So for example, in a 2 dimensional case, let T be a transformation such that T(u,v)=<x,y> then the Jacobian matrix of this function would look like this:
$ J(u,v)=\begin{bmatrix} \frac{\partial x}{\partial u} & \frac{\partial x}{\partial v} \\ \frac{\partial y}{\partial u} & \frac{\partial y}{\partial v} \end{bmatrix} $
This Jacobian matrix noticably holds all of the partial derivatives of the transformation with respect to each of the variables. Therefore each row contains how a particular output element changes with respect to each of the input elements. This means that the Jacobian matrix contains vectors that help describe how a change in any of the input elements affects the output elements.
To help illustrate making Jacobian matrices, let's do some examples:
Example #1:
What would be the Jacobian Matrix of this Transformation?
$ T(u,v) = <u\times \cos v, u\times \sin v> $ .
Solution:
$ x=u \times \cos v \longrightarrow \frac{\partial x}{\partial u}= \cos v , \; \frac{\partial x}{\partial v} = -u\times \sin v $
$ y=u\times\sin v \longrightarrow \frac{\partial y}{\partial u}= \sin v , \; \frac{\partial y}{\partial v} = u\times \cos v $
$ J(u,v)=\begin{bmatrix} \frac{\partial x}{\partial u} & \frac{\partial x}{\partial v} \\ \frac{\partial y}{\partial u} & \frac{\partial y}{\partial v} \end{bmatrix}= \begin{bmatrix} \cos v & -u\times \sin v \\ \sin v & u\times \cos v \end{bmatrix} $
Example #2:
What would be the Jacobian Matrix of this Transformation?
$ T(u,v) = <u, v, u^v>,u>0 $ .
Solution:
Notice, that this matrix will not be square because there is a difference in dimensions of the input and output, i.e. the transformation is not injective.
$ x=u \longrightarrow \frac{\partial x}{\partial u}= 1 , \; \frac{\partial x}{\partial v} = 0 $
$ y=v \longrightarrow \frac{\partial y}{\partial u}=0 , \; \frac{\partial y}{\partial v} = 1 $
$ z=u^v \longrightarrow \frac{\partial y}{\partial u}= u^{v-1}\times v, \; \frac{\partial y}{\partial v} = u^v\times ln(u) $
$ J(u,v)=\begin{bmatrix} \frac{\partial x}{\partial u} & \frac{\partial x}{\partial v} \\ \frac{\partial y}{\partial u} & \frac{\partial y}{\partial v} \\ \frac{\partial z}{\partial u} & \frac{\partial z}{\partial v} \end{bmatrix}= \begin{bmatrix} 1 & 0 \\ 0 & 1 \\ u^{v-1}\times v & u^v\times ln(u)\end{bmatrix} $
Example #3:
What would be the Jacobian Matrix of this Transformation?

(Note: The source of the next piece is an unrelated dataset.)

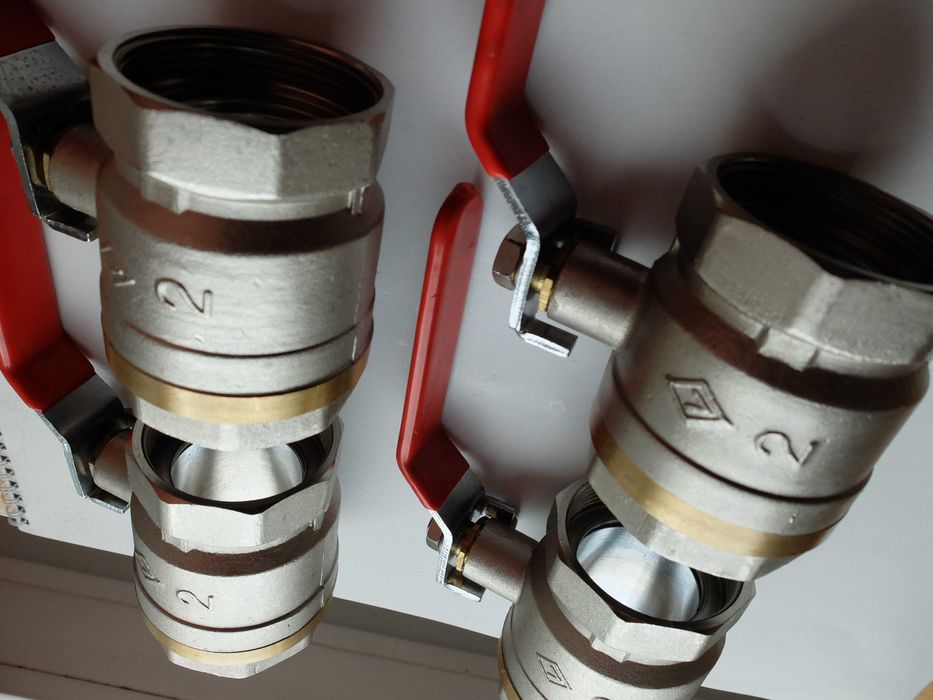 Кульовий кран латунний великий Formec 1 1/2 DN40 Італія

$ T(u,v) = <\tan (uv)> $ .
Solution:
Notice, that this matrix will not be square because there is a difference in dimensions of the input and output, i.e. the transformation is not injective.
$ x=\tan(uv) \longrightarrow \frac{\partial x}{\partial u}= \sec^2(uv)\times v, \; \frac{\partial x}{\partial v} = sec^2(uv)\times u $
$ J(u,v)= \begin{bmatrix}\frac{\partial x}{\partial u} & \frac{\partial x}{\partial v} \end{bmatrix}=\begin{bmatrix}\sec^2(uv)\times v & sec^2(uv)\times u \end{bmatrix} $
Application #1: Jacobian Determinants
The determinant of Example #1 gives:
$ \left|\begin{matrix} \cos v & -u \times \sin v \\ \sin v & u \times \cos v \end{matrix}\right|=~~ u \cos^2 v + u \sin^2 v =~~ u $
Notice that, in an integral when changing from cartesian coordinates (dxdy) to polar coordinates $ (drd\theta) $, the equation is as such:
$ dxdy=r\times drd\theta=u\times dudv $
It is easy to extrapolate, then, that the transformation from one set of coordinates to another set is merely
$ dC2=det(J(T))dC1 $
where C1 is the first set of coordinates, det(J(C1)) is the determinant of the Jacobian matrix made from the Transformation T, T is the Transformation from C1 to C2 and C2 is the second set of coordinates.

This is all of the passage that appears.